• **Exercise objective**: Please return the listing exactly as it stands, skipping any pictures.

• **Data extract**:

********

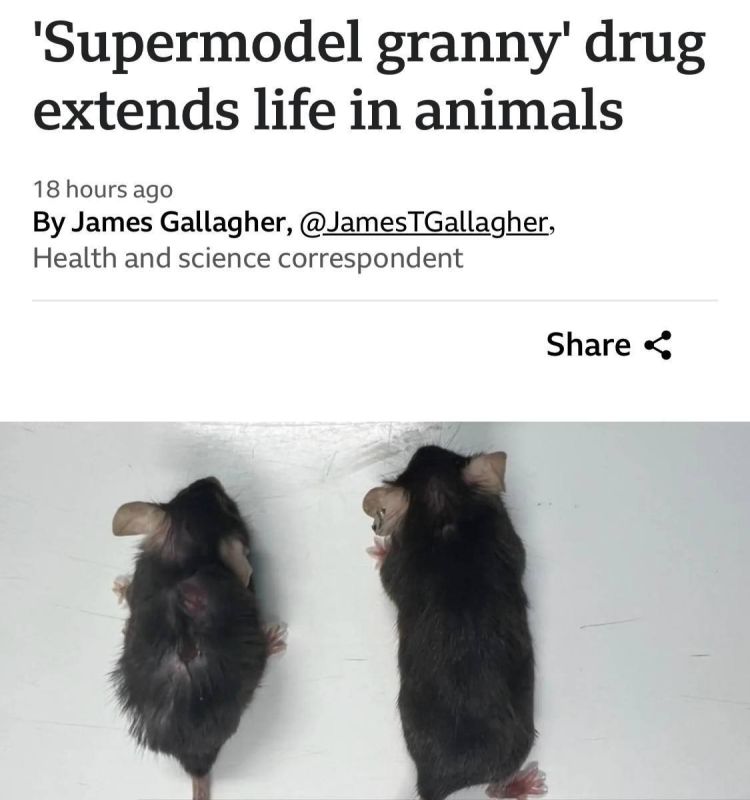 ������ ����������� ���������, ������� ��������� ��������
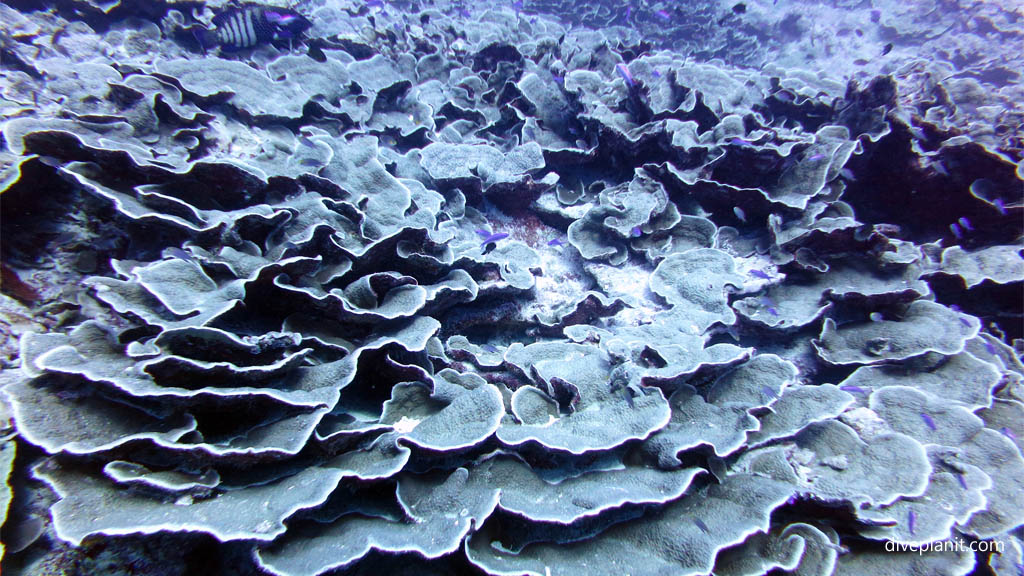 Sheets of blue coral diving Aitutaki with Bubbles Below Dive Centre in the Cook Islands by Diveplanit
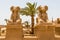 Goats headed sphinxes and the palm tree in the ancient city of Thebes, modern-day Luxor, Egypt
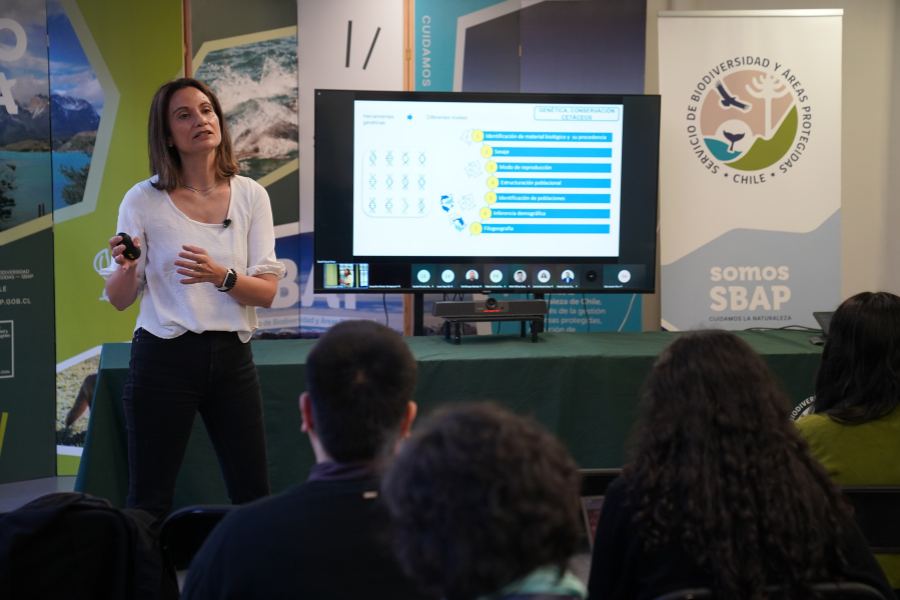 Encuentros SBAP: el impacto de la genética en estudios y conservación de cetáceos en Chile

********

• **Written response**:
 ������ ����������� ���������, ������� ��������� ��������
 Sheets of blue coral diving Aitutaki with Bubbles Below Dive Centre in the Cook Islands by Diveplanit
 Goats headed sphinxes and the palm tree in the ancient city of Thebes, modern-day Luxor, Egypt
 Encuentros SBAP: el impacto de la genética en estudios y conservación de cetáceos en Chile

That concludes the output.